When it came to going live on Facebook Kenty wanted to make sure she did it the right way. “I didn’t want to be in a car or doing it as a selfie,” she said.
She had the right equipment, a microphone, videographers and proper lighting. Her first show, on Oct. 3, 2016, centered on the Birmingham Police Department.
“We wanted to know their viewpoint, going out on the beat with people who don’t trust you to protect them.”
Kenty, 48, received a lot of requests about doing more live videos and began going to more events and programs. Those events included the annual anniversary of the crossing of the Edmund Pettus Bridge in Selma, a visit to Morris Brown College, the Historically Black College and Universities in Atlanta, and talking with the cast of BET’s original series, The Quad. Her team now averages 2,000 viewers for their shows.
“It morphed into something and people started reaching out to us,” Kenty said. “There are people now in different states who listen in.
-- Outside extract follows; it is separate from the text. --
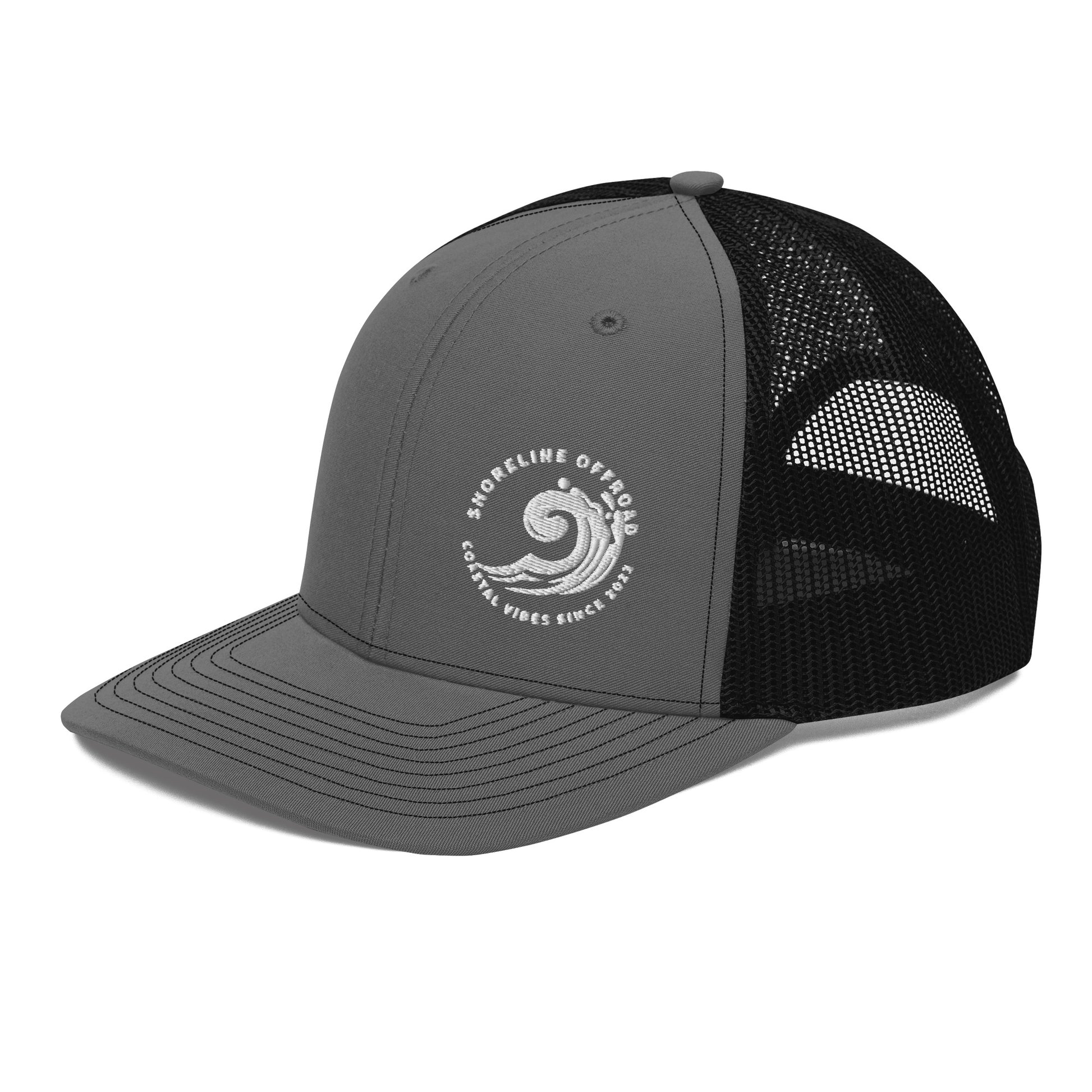 a grey and black trucker hat with a white logo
The status of the show outgrew us. We have interns who really help. We have people from University of Alabama, UAB and Miles College. We couldn’t run it without them. They do video, social media, marketing, editing. They are amazing help.”
TLR has also had its share of celebrities “step inside the Ladiez Room.”
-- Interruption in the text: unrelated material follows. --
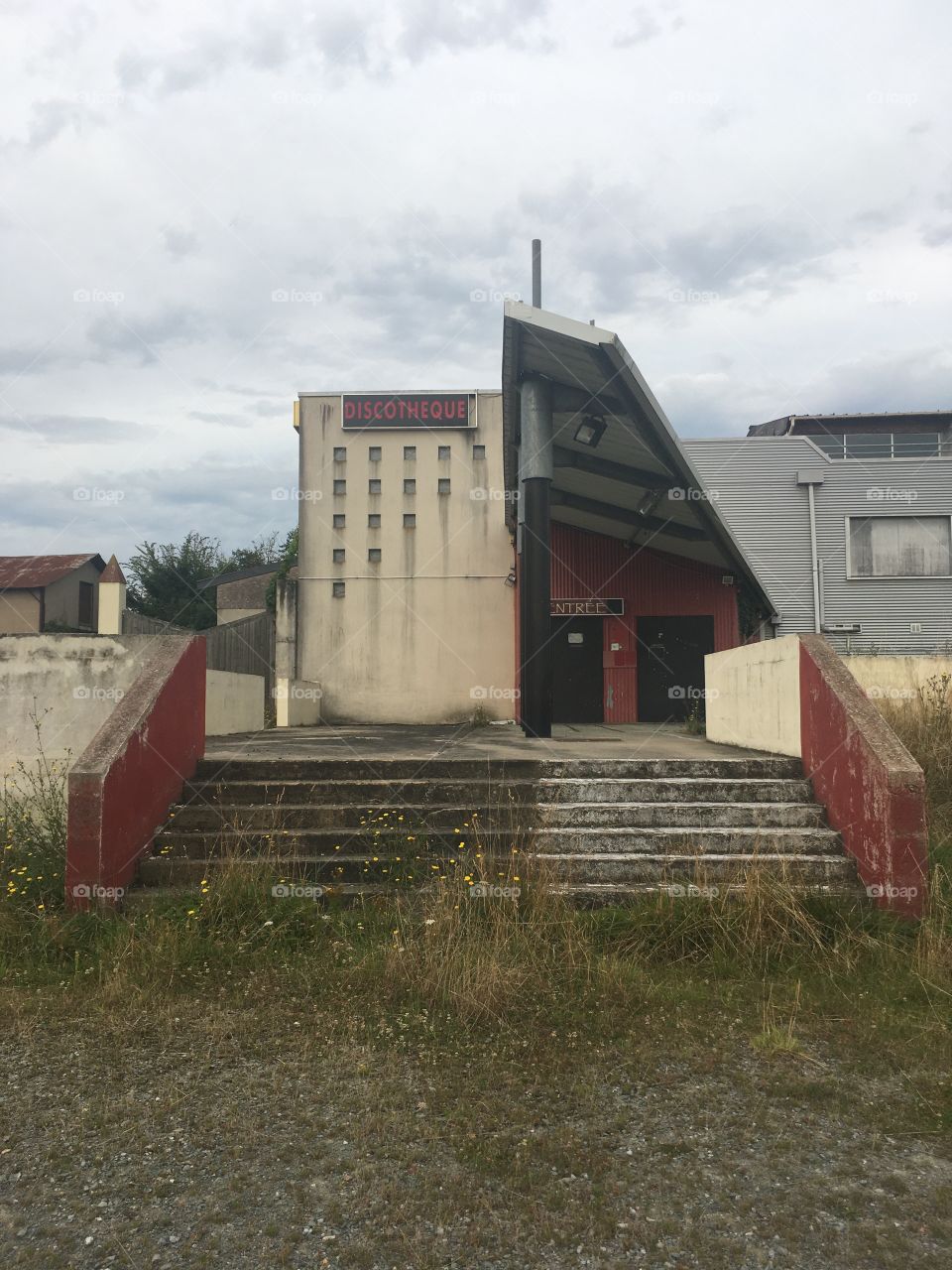 front of a French Discotheque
“We’ve had [comedians] Faizon Love, Sinbad, Earthquake, [radio personality] Tom Joyner and R&B group After 7” all within 14 months, she said. The next step is to use YouTube to grow the market, Kenty said.
The show has not lost its focus on local and national issues. TLR has a weekly segment, Eyez on D.C., where a political analyst talks about Capitol Hill.
“My goal is to . . . educate people on what’s going on early enough so they can contact their local congressman, senators to voice their opinion. You need to utilize the people you put in the office.”
Another segment, “Strutting in the Kitchen”, has local chefs, and wellness coaches talk about living a healthy life.
All of this is in addition to her business, Divine Images Finishing Institute, LLC which consults and helps small businesses with their branding and marketing.
Kenty, originally from Spartanburg, South Carolina, first started in radio at 17 years old when she was a contestant in the 1990 Miss Black USA pageant after graduating from high school, and went on a radio show with her fellow contestants to do voiceover work.
“The program director said, ‘hey I need to talk to you afterwards,’” she said. “He said, ‘you have something, and I need you to come back and do an interview.’ I was 17, so I was like, ‘what?’ I came back and they hired me. They trained me how to speak on the radio. I would fill in for people and do voiceovers for commercials. Out of that I was able to host a [television] talk show for years for teenagers, called Synergy. It became well-known in the upstate part of South Carolina.”
Kenty first entered beauty pageants to help make money so she could go to school. Her parents could not afford to send her to college, and she considered herself an average student.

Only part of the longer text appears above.